### Lasso Variable Importance Investigation

In [1]:
''' Import libraries '''

import numpy as np
import matplotlib.pyplot as plt
import pandas as pd
from pandas.plotting import scatter_matrix
import seaborn as sns   

from sklearn.pipeline import Pipeline   
from sklearn.preprocessing import StandardScaler 
from sklearn.preprocessing import OneHotEncoder 
from sklearn.compose import ColumnTransformer  
from sklearn.model_selection import train_test_split  
from sklearn.model_selection import KFold  
from sklearn.model_selection import cross_val_score  
from sklearn.model_selection import GridSearchCV    
from sklearn.model_selection import RandomizedSearchCV  

from sklearn.linear_model import LinearRegression  
from sklearn.linear_model import Lasso 
from sklearn.linear_model import Ridge   
from sklearn.linear_model import ElasticNet 

pd.set_option('display.max_columns', 900)   
pd.set_option('display.max_rows', 900)

%matplotlib inline
#%config InlineBackend.figure_format = 'svg'   

#### Run train test split and get back formatted X_train and y_train

In [2]:
from Linear_Model_Creation_Function import OLS_Model_Creation
lin_reg, X_train, X_test, y_train, y_test = OLS_Model_Creation(path = './data/kaggle/created/homes_grouped.csv', include_variables = 'num_and_upgradable') 

#### Function that outputs ('Value of Alpha', ['List of most important variables'], 'R^2 value')

In [10]:
def variable_importance(X_train, y_train, alphas, num_variables = 5, values = False, ignore_list = False, ignore_list_names = None):
    
    '''
    This function takes X_train and y_train data and runs lasso regression for a variety of variables.
    The function outputs a list of nested lists. 
    The nested list has ('Value of Alpha', ['List of most important variables'], 'R^2 value')
    '''
    
    from sklearn.linear_model import Lasso 
    
    lasso  = Lasso()
    lasso.set_params(normalize=True)
    coefs_lasso = []
    score_lasso = []
    
    # fit a bunch of lasso models based on differing alphas.

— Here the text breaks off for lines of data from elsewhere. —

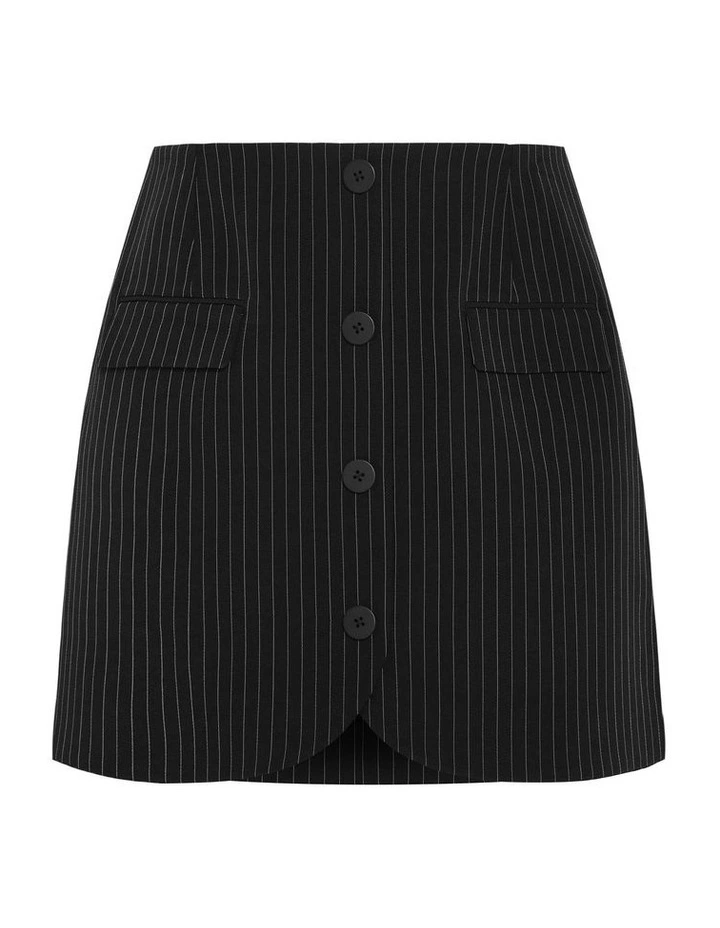 Plus Size Payton Pinstripe Skirt in Black image 6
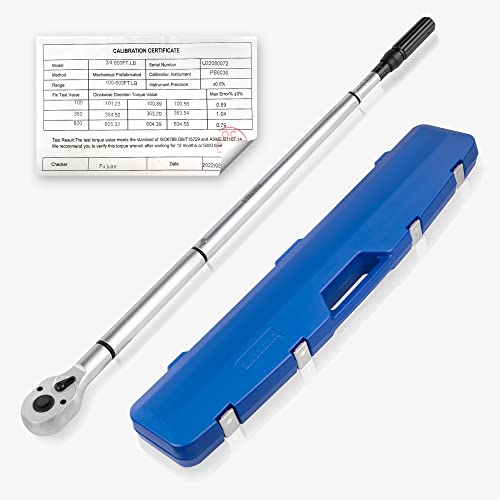 UYECOVE 3/4-Inch Drive Click Torque Wrench, Dual-Direction Click Professional Torque Wrench 100-600FT.LB/135-815N.M, Dual Range Scales Graduated in FT.LB and N.M
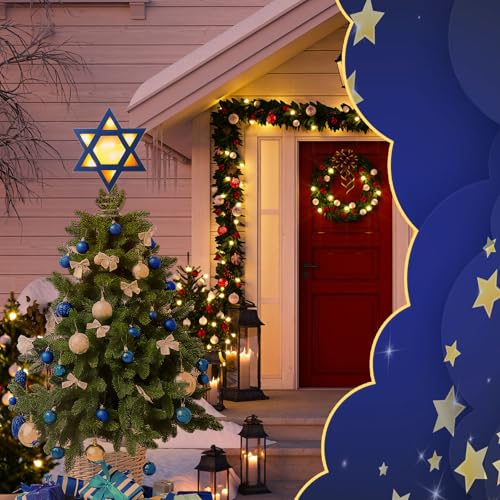 Decoración de Navidad para árbol con estrella de David grande enchufable exterior e interior 7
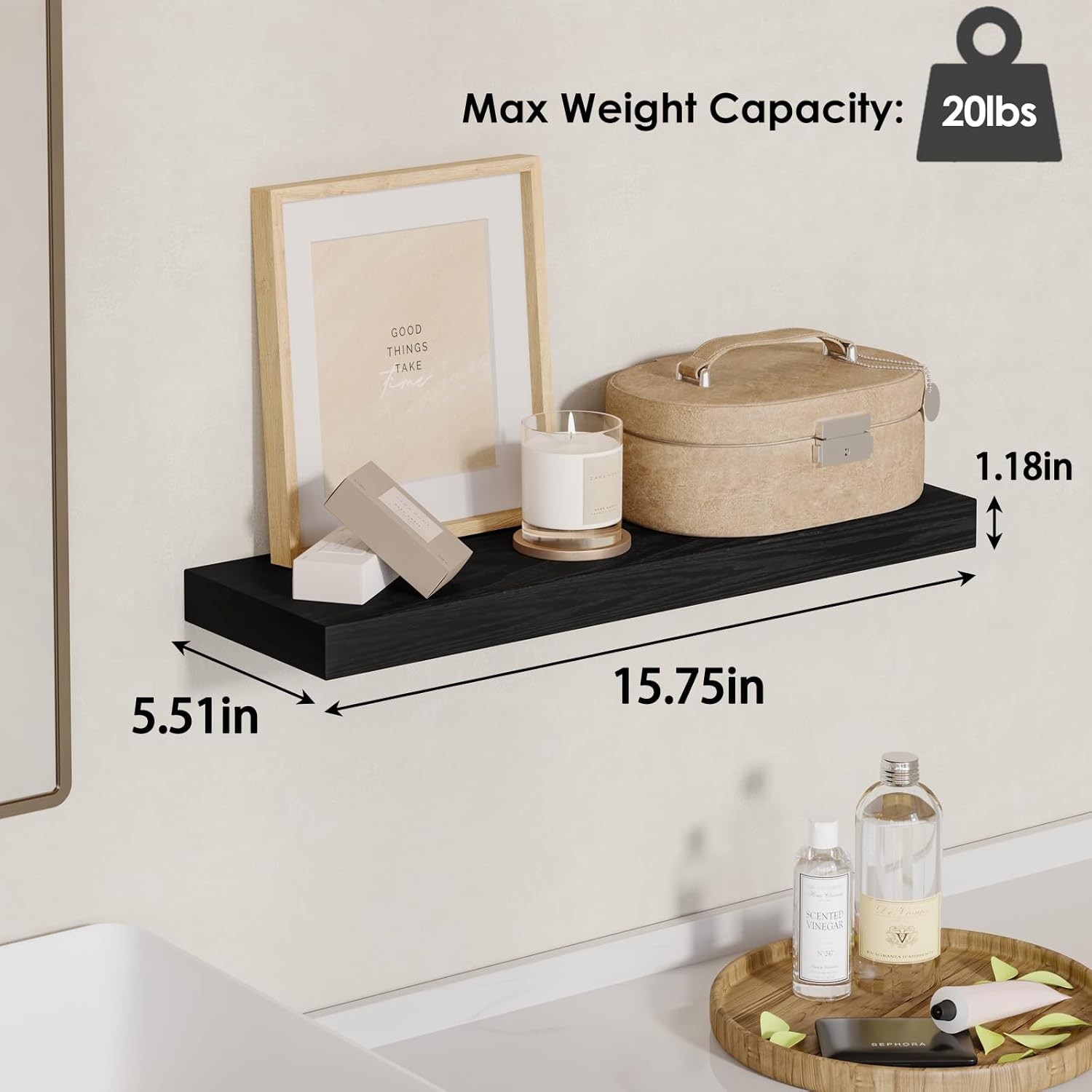 Fixwal Floating Shelves for 15.8 inches x 5.5 x 1.2 inches, Black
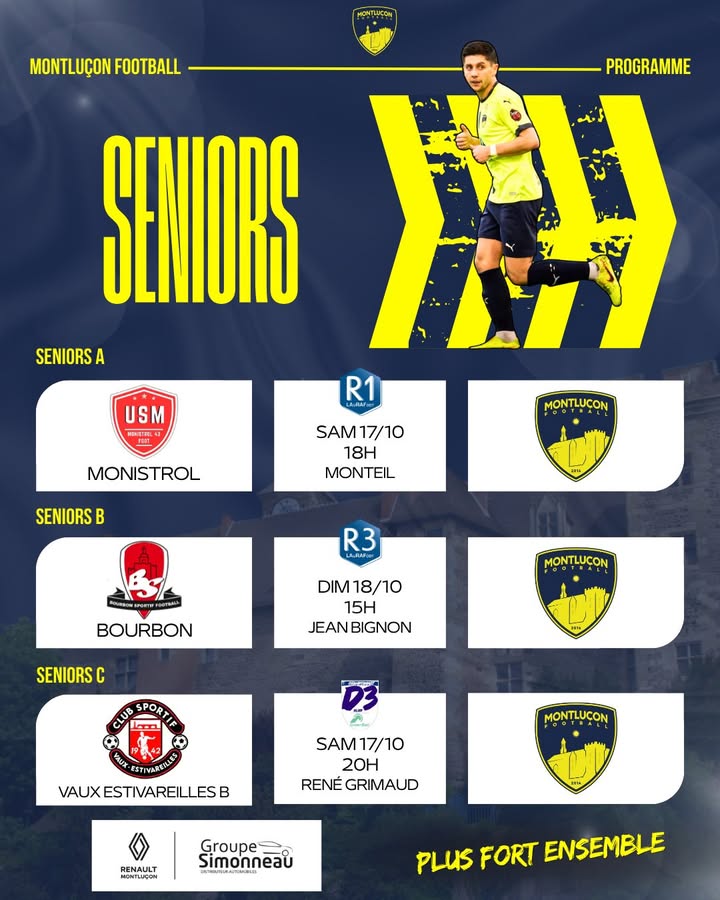 📅 𝗣𝗥𝗢𝗚𝗥𝗔𝗠𝗠𝗘 𝗗𝗨 𝗪𝗘𝗘𝗞-𝗘𝗡𝗗 💙💛 Un nouveau week-end de football se prépare pour les équipes…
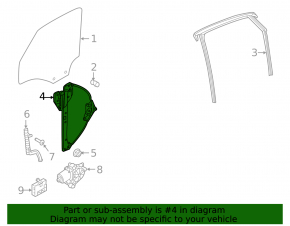 Window lifter with motor rear right Audi A3 8V 15-20 4d, 5d
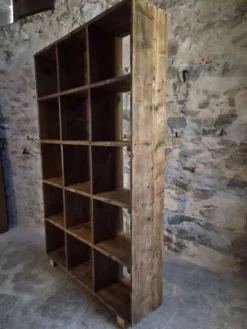 Étagère industrielle ancienne / séparateur de pièce en pin, France, début du 20ème siècle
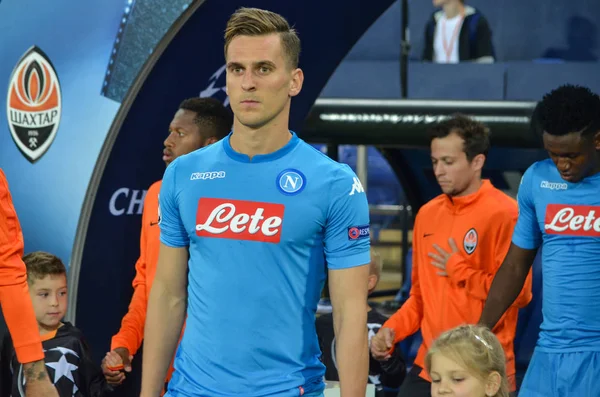 Futbolcu sırasında Uefa Şampiyonlar Ligi maç Shakhtar Rakip Ssc Napoli arasında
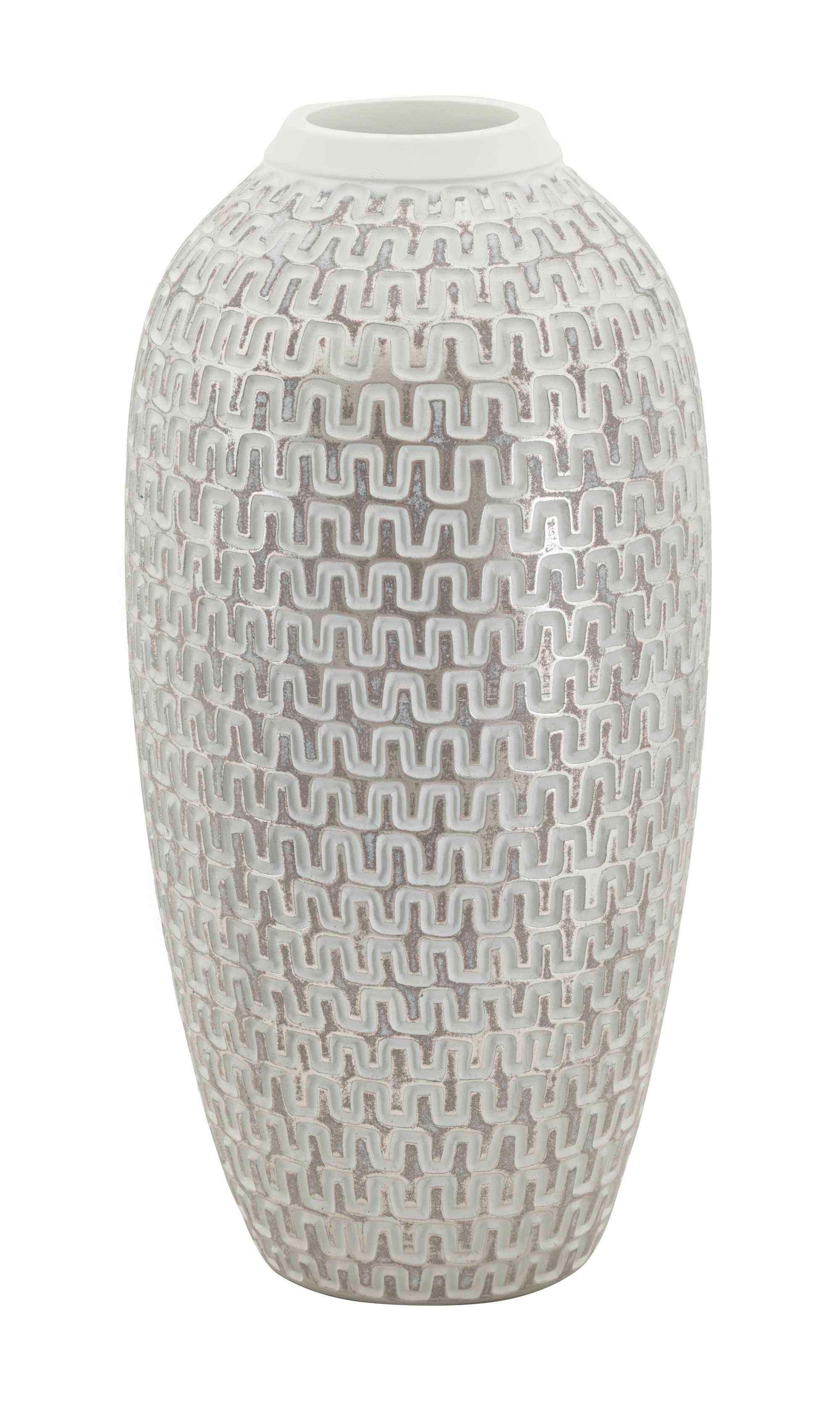 Vase Wave Weiß, Goldfarben B: 21 cm - Goldfarben/Weiß, Basics, Kunststoff (21  /43/21cm)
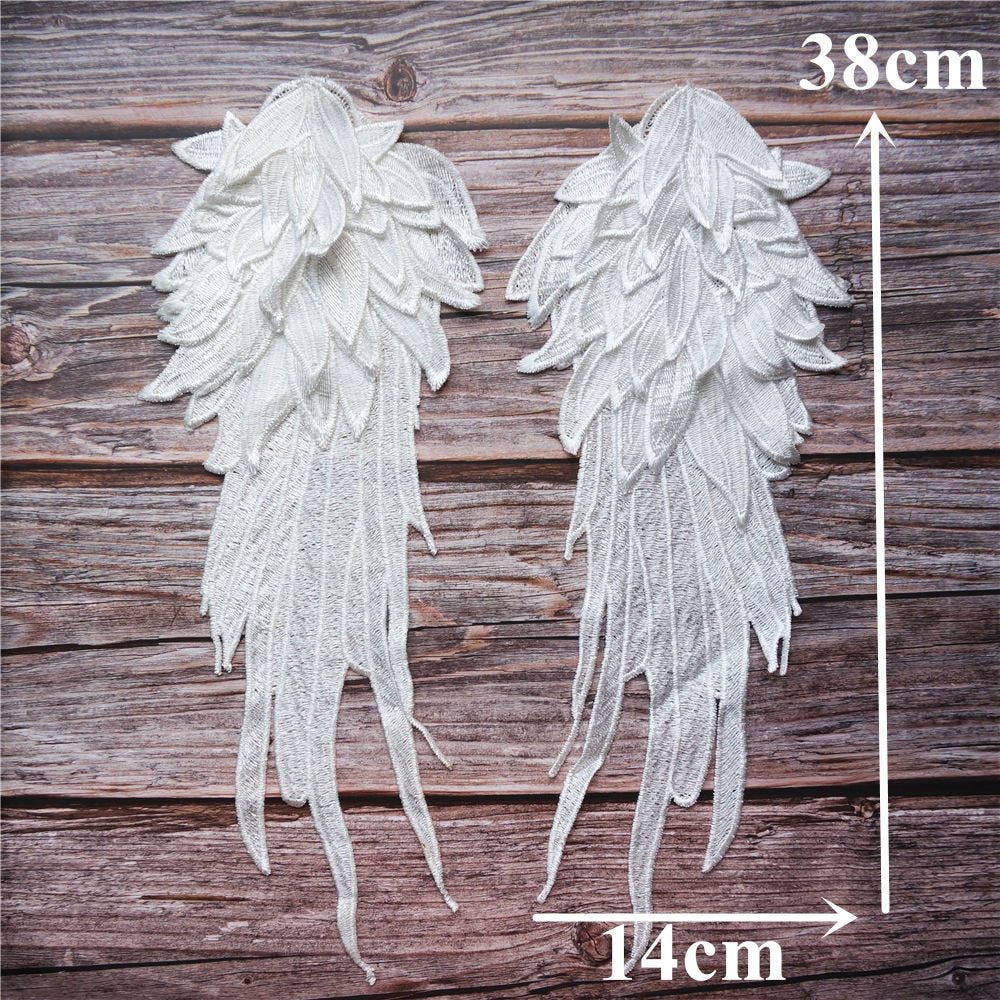 All the Colours Embroidery Appliqué Angel Wings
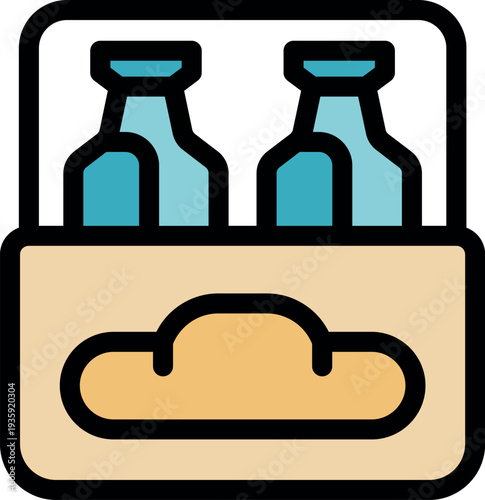 Packaged bread and beer bottles inside a cardboard box, symbolizing grocery delivery or donation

Store coefficients and R^2 scores along the way
    for alpha in alphas:
            lasso.set_params(alpha=alpha)
            lasso.fit(X_train, y_train)  
            coefs_lasso.append(lasso.coef_)
            score_lasso.append(lasso.score(X_train, y_train))

    coefs_lasso = pd.DataFrame(coefs_lasso, index = alphas, columns = X_train.columns) 
    
    # if we have decided to keep some variables and want to look at the relative importance of the rest...
    if ignore_list == True:
        # get list of variables we want to look at
        Full_list = coefs_lasso.columns.to_list()
        To_ignore_list = ignore_list_names
        Non_ignored_list = [x for x in Full_list if not x in To_ignore_list or To_ignore_list.remove(x)]
        coefs_lasso = coefs_lasso.transpose().abs()
        # filter list on these variables
        coefs_lasso = coefs_lasso.loc[Non_ignored_list]
    else:
        coefs_lasso = coefs_lasso.transpose().abs()
          
    variable_importance_list = []

    for colname in coefs_lasso.columns:
        
        intermediate = coefs_lasso[[colname]].sort_values(by = colname, ascending = False).head(num_variables)
        
        # store alpha as string
        string_alpha = 'Alpha = ' + str(colname)
        
        # store R^2 value as string for this alpha
        idx = coefs_lasso.columns.get_loc(colname)
        string_R_Squared = 'R^2 = ' + str(round(score_lasso[idx], 3))
        
        # store list of top # of variable names for this iteration of alpha
        var_names = []
        for row in intermediate.index: 
            var_names.append(row)
        
        # create list of all important information for each iteration of alpha
        if values == True:
            variable_importance_list.append([string_alpha, var_names, string_R_Squared, intermediate[colname].values.tolist()]) 
        else:
            variable_importance_list.append([string_alpha, var_names, string_R_Squared])
    
#     print(coefs_lasso)
    return variable_importance_list

#### Get list of upgradable variables and find the variable names we wish to ignore

#### Checking to see type of upgradable variables

In [4]:
from read_path_module import read_data_relative_path

cost_of_improvements = read_data_relative_path(relative_dataset_path = './data/kaggle/created/cost_of_improvements_V2.csv',
                        data_type='csv'
                       )

upgradable_variables = cost_of_improvements[cost_of_improvements.Upgradable == 'y']['Variable'].to_list()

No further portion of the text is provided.